Countering Japan with businessSOHN HAE-YONG
On August 29, 1994, Samsung Electronics announced it successfully developed the world’s first 256M DRAM. It was also the 84th anniversary of the Korea-Japan Annexation Treaty. The choice of the date signifies Korea’s triumph over Japan in technology. Samsung Electronics ran a newspaper advertisement announcing the achievement. At the top of the ad was the Korean flag from the late Joseon period (1392-1910). Then Samsung Electronics president Kim Kwang-ho said, “at least in DRAM technology, I want to imply that Korea-Japan relations have return to the pre-late-Joseon period, when the two were equal.” President Moon Jae-in said, “Korea has overcome and surpassed Japan’s dominance in various industrial fields — such as home appliances, electronics, semiconductors and shipbuilding — and Korea can do it.” As a matter of fact, Korean businesses played a central role at the forefront of resistance against Japan.

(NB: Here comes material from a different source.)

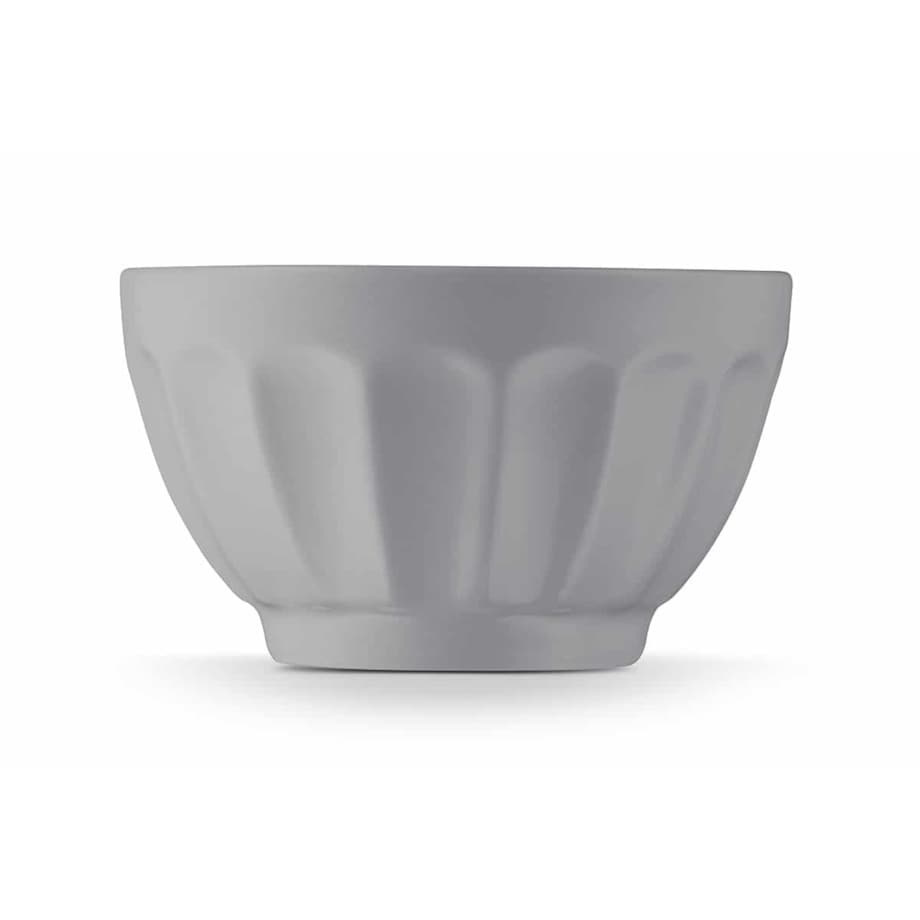 Konsimo ARALES Miska, szary/biały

Japan is still ahead of Korea according to major economic indicators. Per-capita GDP, which shows a country’s economic size, is an example. According to the International Monetary Fund (IMF), Japan’s per-capita GDP broke $10,000 in 1981, when Korea’s was $1,870 — 18 percent of Japan’s. But Korea continued to close the gap. In the 2000s, the ratio went over 50 percent, and last year, Korea’s per-capita GDP reached $31,346 dollars — 79.7 percent of Japan’s $39,306.
Korea’s economic growth chasing Japan was possible thanks to the efforts and enthusiasm of businesses. Samsung, LG, Hyundai Motors, SK, Posco and Hyundai Heavy Industries have all become global makers that have surpassed — or on par with — Japan’s. Korea is perceived as a well-to-do country thanks to their aggressive expansion in the overseas market.
But now, companies are losing vitality. Minimum wage increased by a whopping 29.1 percent over the last two years, and the corporate tax rate is high. Militant unions go on violent strikes, various regulations are restricting investment and politicians are not respecting businesses. In sharp contrast, Japan is dramatically removing regulations and lowering the corporate tax rate, while President Moon Jae-in named Japan as something to overcome. Coincidentally, the IMF predicts that Korea’s GDP versus Japan’s peaked in 2018 and will to fall to 73.3 percent by 2024.
The only way to defeat Japan is to nurture Korean companies. Anti-corporate, anti-market policies should be stopped. Fortunately, there are signs of changing as the government increases corporate tax benefits and removes, albeit slowly, chemical substance-related regulations. Creating an environment to help companies through more regulatory reform will enable Korea to truly surpass Japan.